If you’re like most parents, it’s not your favorite thing in the world. It gets everywhere. It won’t go away.
Some parents just ban it from the house completely, banishing it to the outdoor patio.
But it can play a valuable role in helping your child (and even you) understand what is happening in the teenage brain when worked up (angry, upset, irrational, etc.).
In her article, Dr. Lisa Damour introduces the idea of the glitter jar (similar to a snow globe). When you shake it, the swirling glitter is a visual representation of what the teenage brain looks like when in an agitated state.
Pretty hard to be rational when your brain is going 100MPH in different directions, right?
But like the glitter jar, when left to sit for a few moments, the glitter very quickly settles to the bottom of the jar. And, to Dr. Damour’s point, when left to sit calmly and quietly for a few minutes, the teenage brain can also self-regulate and calm itself down… without any interference from us.
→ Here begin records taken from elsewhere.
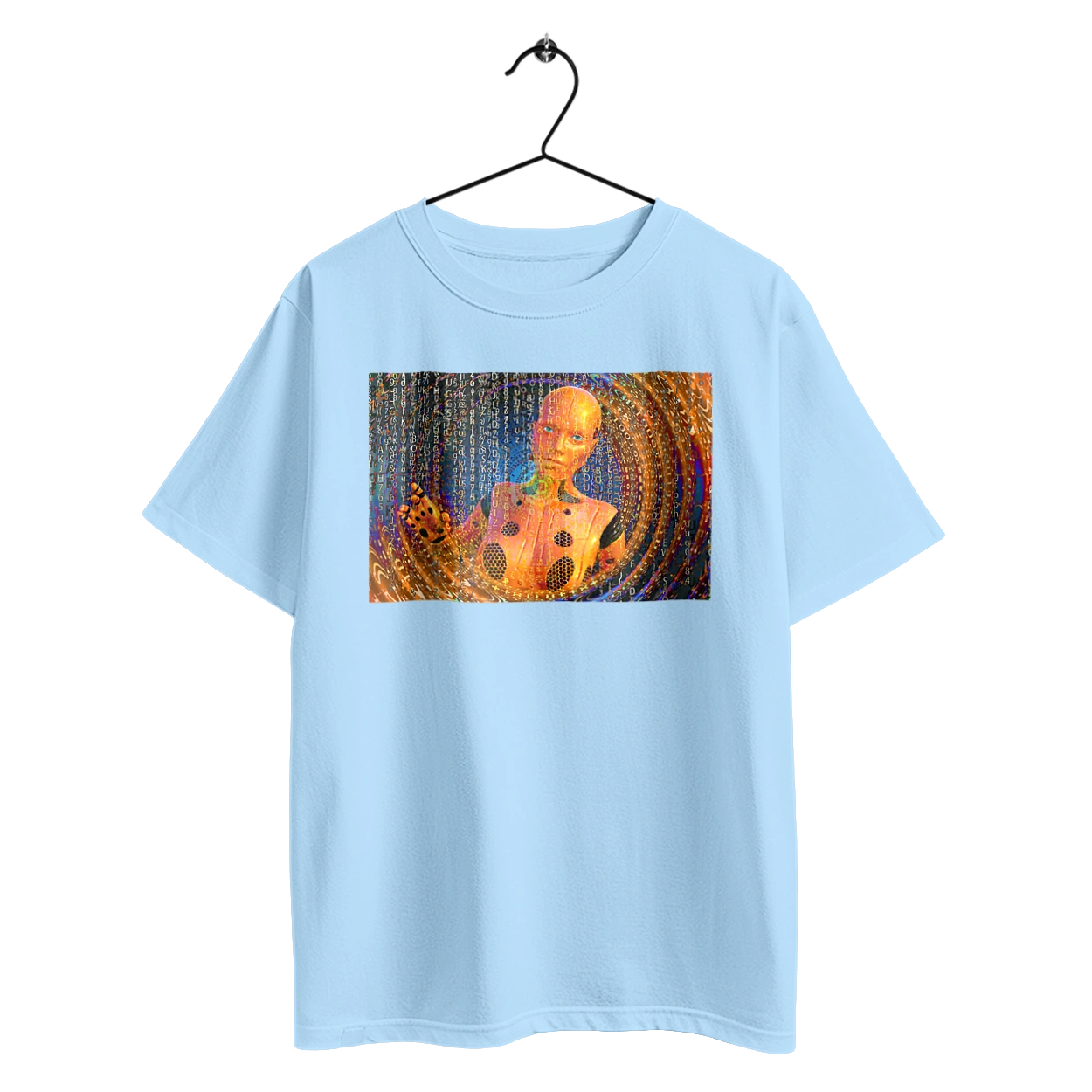 Artificial intelligence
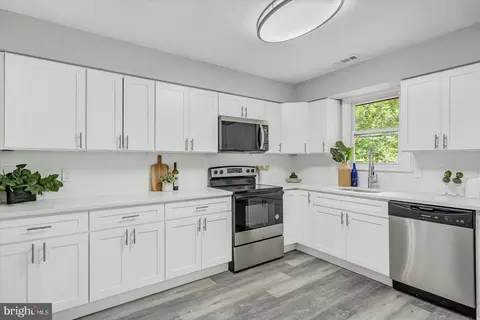 2505 Derby Dr, Fallston, MD 21047 photo 14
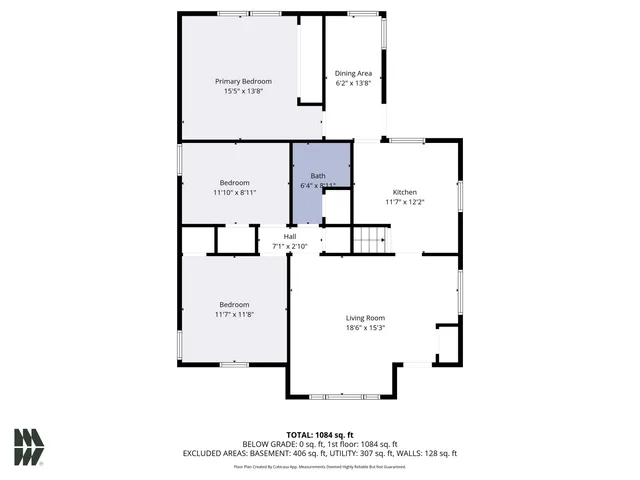 $240,000 | 1137 East Mishawaka Avenue, Mishawaka, IN 46544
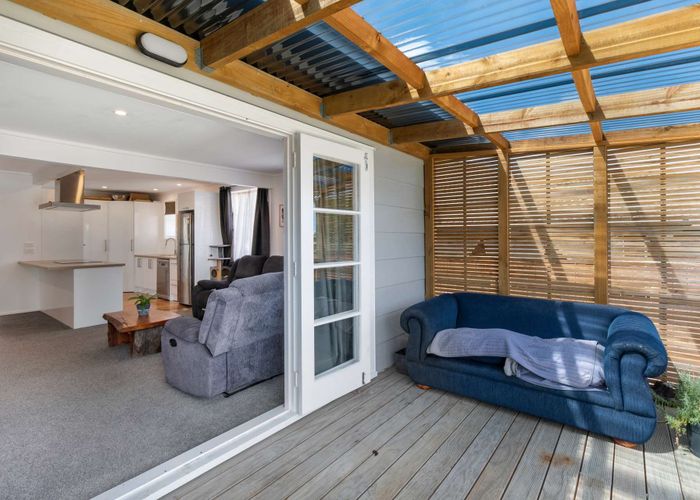  at 51 Winchester Street, Levin, Levin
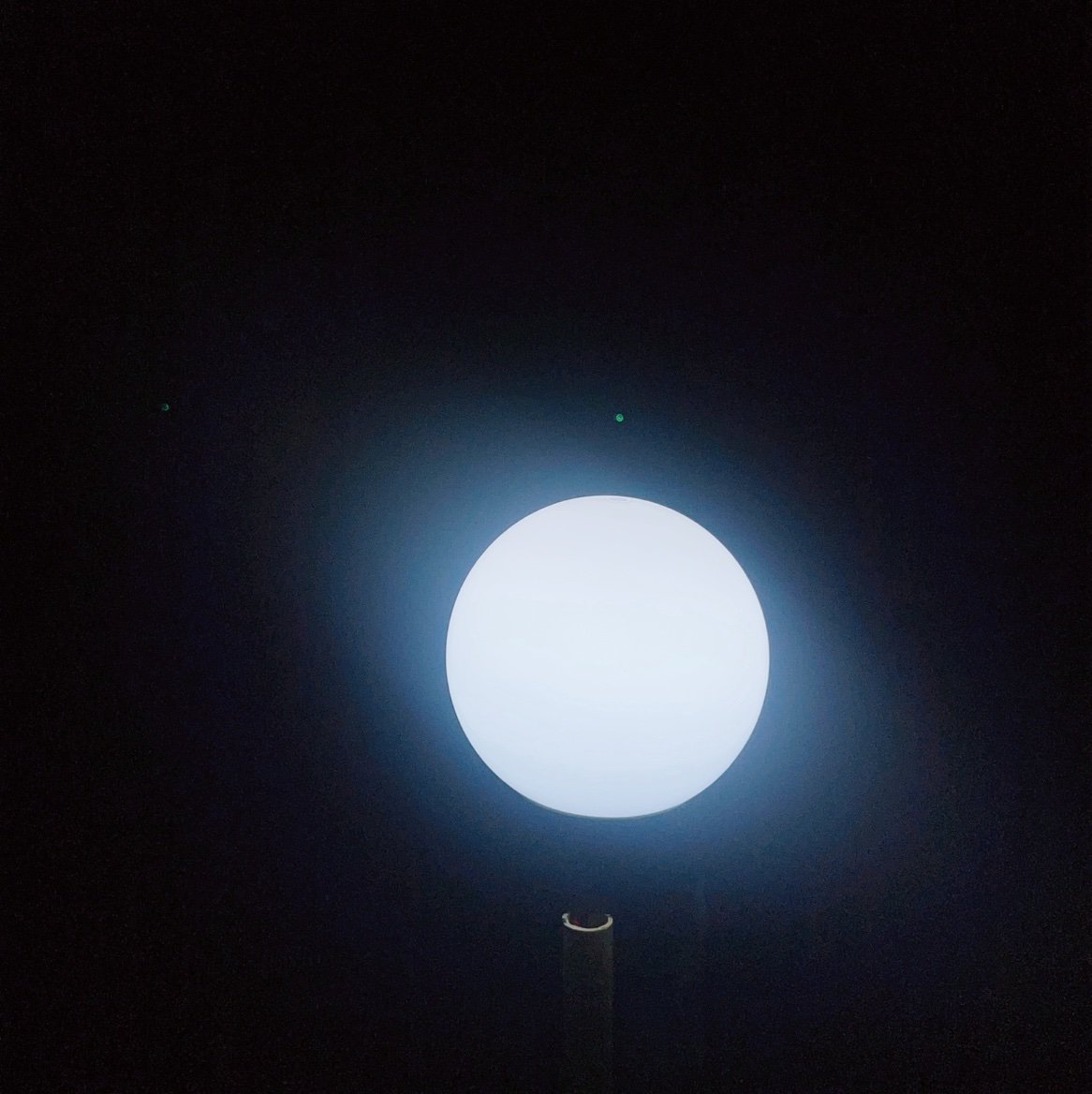 Keson282535's profile picture. 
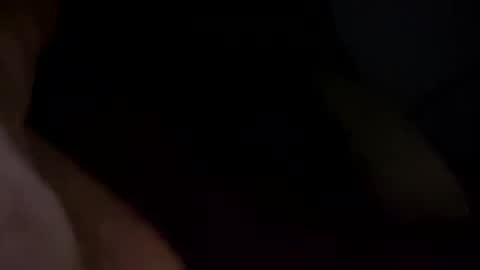 soulsurfer1985 online show from January 2025 09:23:02 AM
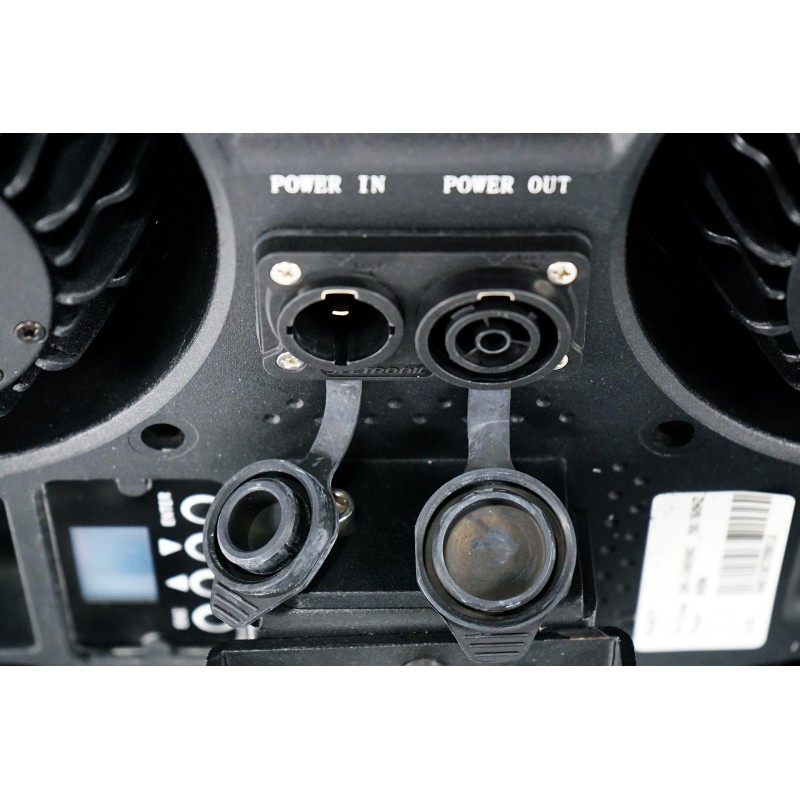 FOS Blinder Innovative - 5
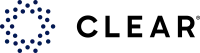 CLEAR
Why ‘Let’s Settle Your Glitter’ Works
Dr. Damour writes, “I have enthusiastically recommended glitter jars to several parents and colleagues knowing that some teenagers will instantly benefit from having a concrete model of emotional distress. That said, I have come to appreciate that a glitter jar’s main utility is in the instructions it provides to those who are caring for the overwrought.”
When some kids are worked up, a visual reminder of what’s going on in their brain can be reassuring to them, knowing that they just need to take a moment and calm down before trying to rationalize their thoughts.
But, as Dr. Damour points out, it’s not just helpful to worked up teens.
It’s also helpful as a visual reminder for us, mom and dad.
It’s hard to remember sometimes how problems seemed larger than life at that age. How even small things seemed like they were the ‘end of the world.’
But our brains are fully developed. Theirs won’t be until possibly as late as 25.
And if we react to their (oftentimes) overreaction like it’s a huge problem that has to be fixed, we can actually make matters worse. The same is true if we brush it off and don’t validate their feelings.
If we react calmly and let teens understand that their emotions will calm down, that they’re just experiencing momentary chaos that is normal and will self-correct, we send our kids the message that they’re completely normal.
And that self-correction will happen more quickly.
Conclusion: What to do with a Teenage Meltdown
As parents, we need to always keep in the forefront of our minds that our children’s brains are being remodeled starting in the early stages of adolescence. And the front part of the brain, the part that gives us the ability to reason and make rational decisions, doesn’t finish developing until as late as 25.
But this is normal.
As are teenage meltdowns.
Which is why we need to avoid acting like a fire has to be put out if our teen comes to us worked up.
As Dr. Damour explains, “Reacting instead with the understanding that emotions usually have their own life cycle — coming as waves that surge and fall — sends adolescents the reassuring message that they aren’t broken; in fact, they’re self-correcting.”
Which is why the glitter jar can be so helpful. It gives kids (and parents) a visual reminder of what’s actually going on in the teenage brain when it’s worked up. And also shows what happens when given time to settle. It self-corrects, all on its own.